Reinventing a Tree with Bad Nebari

Shortly after I joined my bonsai club I bought an olive tree from a local nursery. It was tall and straight with no low branches but I always planned to cut it really low down.

April 2008 - as purchased

I let it sit untouched through the first winter and in August 2008 I finally decided to move it to a pot and make the first chop. And that's when I encountered my first problem. The nursery had tied it to a large stick and try as I might I couldn't get that stick to budge.

August 2008 - the stick that caused all the trouble

Under the circumstances I was forced to take it to a workshop where a strong man was able to remove it.
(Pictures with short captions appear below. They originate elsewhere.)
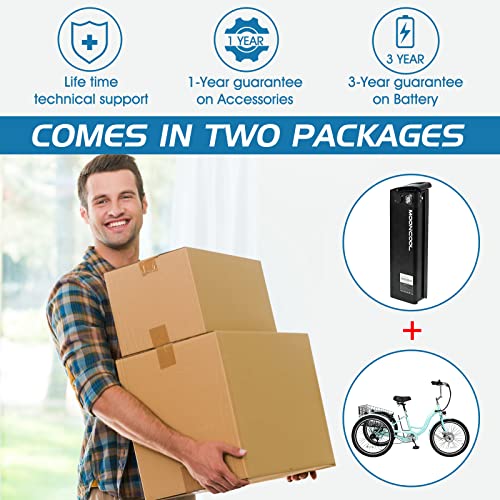 Esazn 24" Electric Tricycle for Adults with Basket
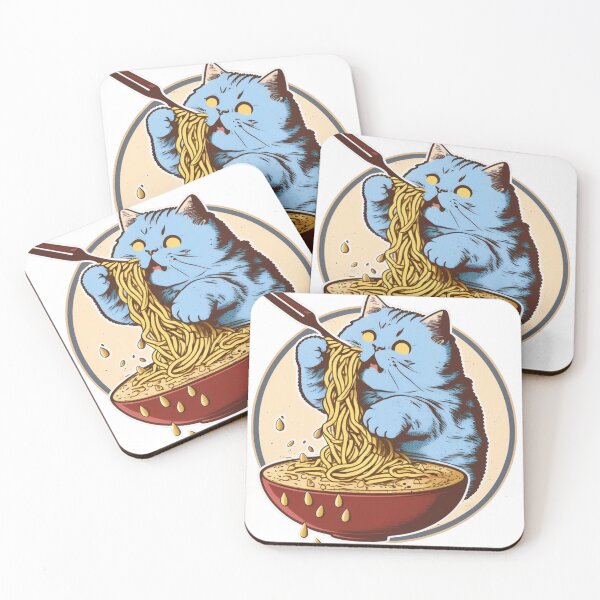 Item preview, cat eating spaghetti, humorous designed and sold by Benjamin Christopher.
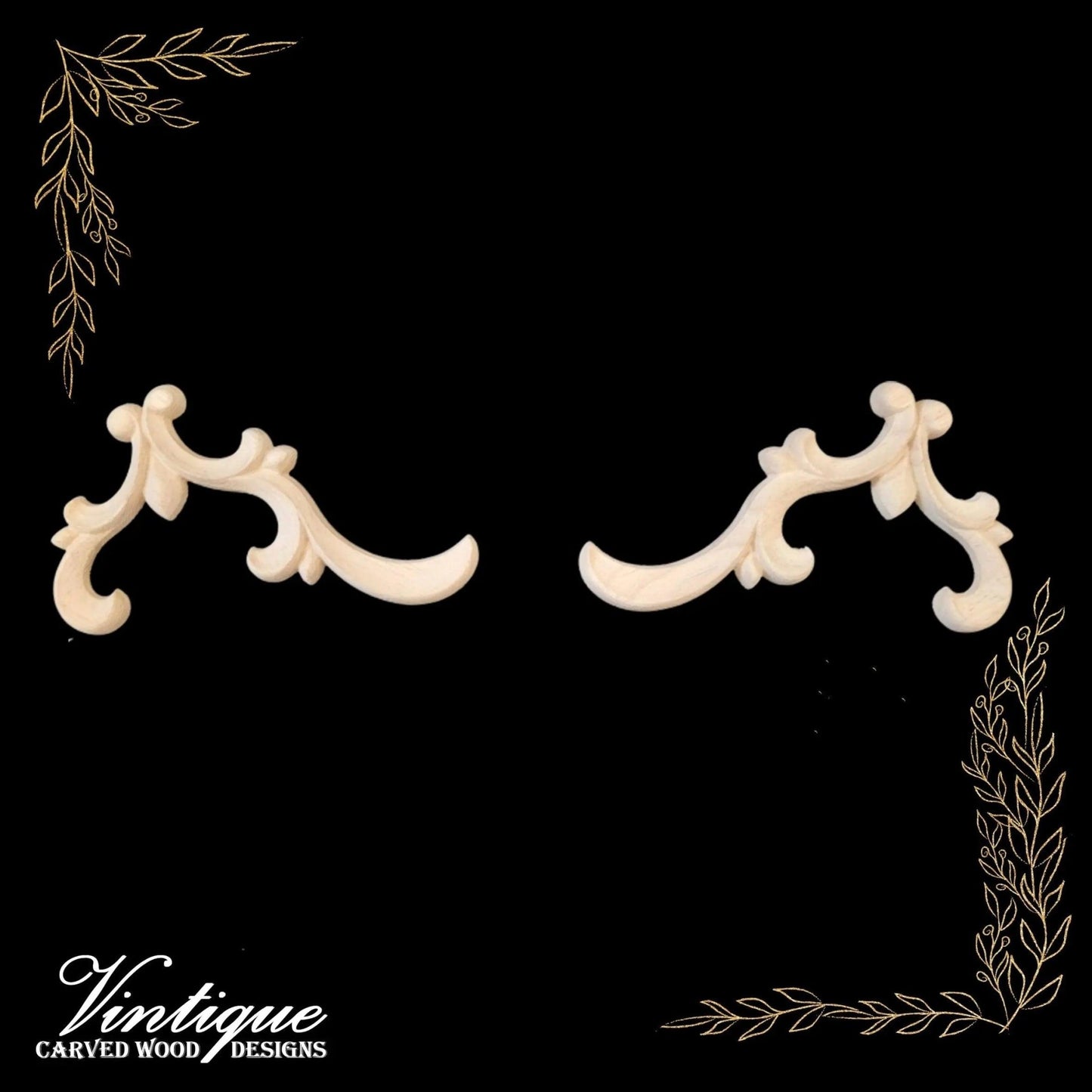 Windsor Scrolls Carved wood Appliques (sold in pairs) 12cm x 8cm-Vintique Concepts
He also cut the roots back a lot harder than I'd dared to.

August 2008 - after root pruning

After cutting the trunk further he put it back in its nursery pot. I had no inkling then that the stick would come back to haunt me years later.

August 2008

The tree quickly recovered from its ordeal and put out plenty of new growth. Everything was looking good.

October 2008

It was only two years later when I put it into a bonsai pot for the first time that I saw the first signs that all was not as it should be. The root structure wasn't looking too good. Once more the potting was done at a workshop and my teacher used wire in an attempt to lower one problem root. He also tried to plant moss around the roots, hence the bandages in this photo:

October 2010

Sadly this didn't prove to be very effective as, once the wired was removed, the root refused to stay in place. As time passed it just got worse and worse.
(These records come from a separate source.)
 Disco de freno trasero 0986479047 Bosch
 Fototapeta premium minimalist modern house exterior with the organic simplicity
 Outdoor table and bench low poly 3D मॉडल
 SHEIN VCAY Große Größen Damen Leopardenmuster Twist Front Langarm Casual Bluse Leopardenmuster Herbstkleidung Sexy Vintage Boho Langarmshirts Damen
November 2013 - Problem nebari

By late 2013 I was getting really frustrated. Attempts to plant the tree lower in the pot were unsuccessful and in a last ditch attempt to hide the problem, a member of my club planted moss around the roots.

November 2013 - with moss

Although I wasn't too happy with the structure of the tree I might have left it at that, but unfortunately the moss didn't stay there for very long. One morning I discovered that some visiting birds had ripped it to shreds and I was back to square one.

In late 2014 I took it to another workshop where I was persuaded to shorten the tree. The highest root was also removed.

December 2014

This might have improved the tree somewhat had I kept an eye on it over the next few months, but unfortunately I neglected it and while I got a lot of new growth, the tree suffered some serious die-back lower down. A year later it bore no resemblance to the (bad) bonsai it once was.

December 2015

It was time for drastic measures. My second trunk chop was even lower than the first. All that remained was the branch that's visible in this photo and another hidden at the back.

December 2015 - second chop

I was advised to wire the visible branch upwards but always felt that was the wrong move given the fact that the rather quirky nebari were on that side. I felt the tree needed to slant in the opposite direction and waited in hope for a new leader which, thankfully, soon arrived.

June 2016 - growing strongly

By June 2016 that leader was nice and strong and it was time to remove the left branch.

This is what it looked like in July 2016 after I'd removed that branch. I didn't touch the leader but I zoomed in for this shot to show the root that's caused all the trouble.

July 2016

What was once a really bad formal upright is now on track to becoming another quirky tree.